EXERCISE BRIEF — From start to end, write out the following data exactly, apart from its images.

COLLECTED MATERIAL —
━━━━━━

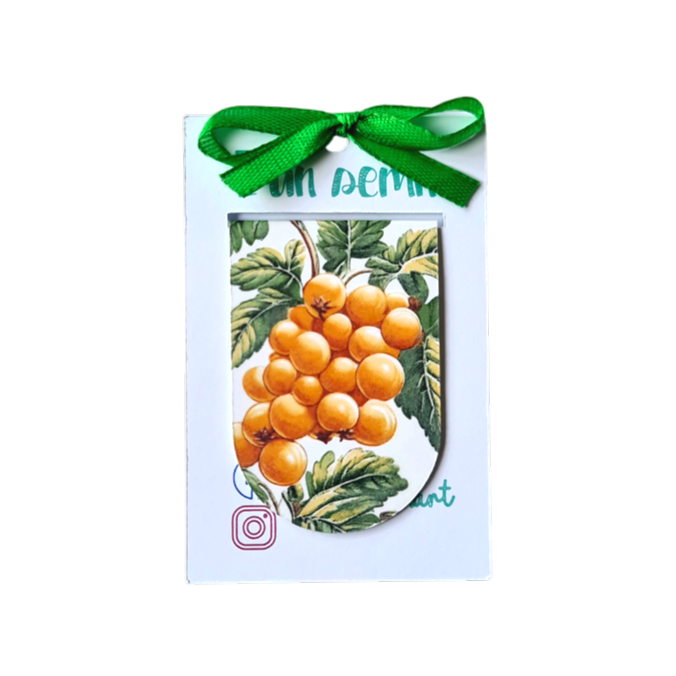 Semn de Carte Magnetic Struguri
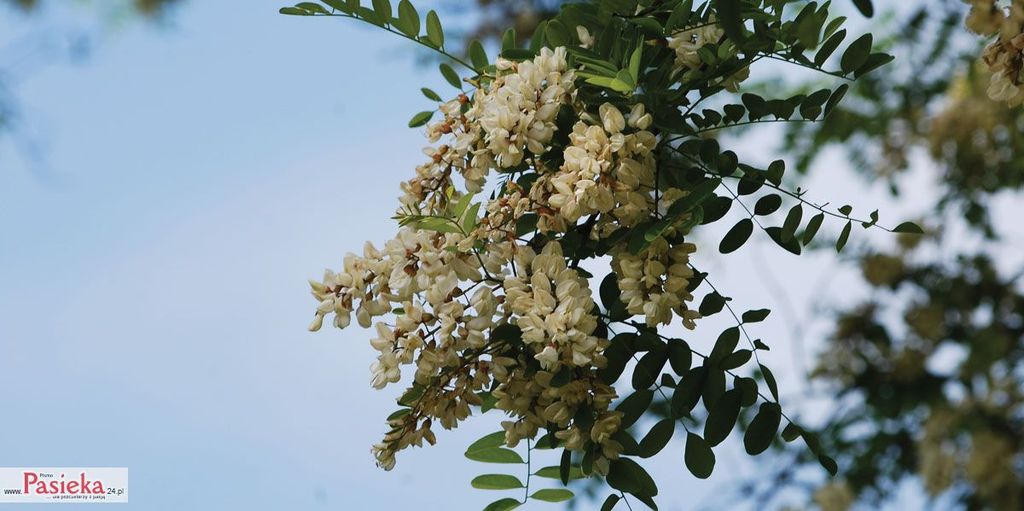 Wielki poradnik pasieczny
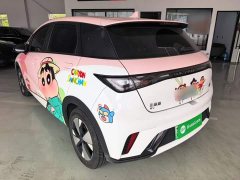 BYD Dolphin 420km Freedom Edition - ფოტო 5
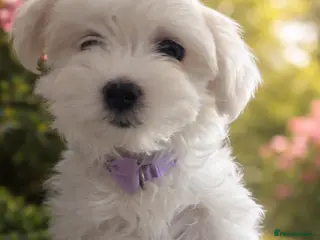 Maltese dogs 🩷 2 beautiful Korean Maltese girls left 🩷 - Advert 9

━━━━━━

RESULT OF THE EXERCISE —
 Semn de Carte Magnetic Struguri
 Wielki poradnik pasieczny
 BYD Dolphin 420km Freedom Edition - ფოტო 5
 Maltese dogs 🩷 2 beautiful Korean Maltese girls left 🩷 - Advert 9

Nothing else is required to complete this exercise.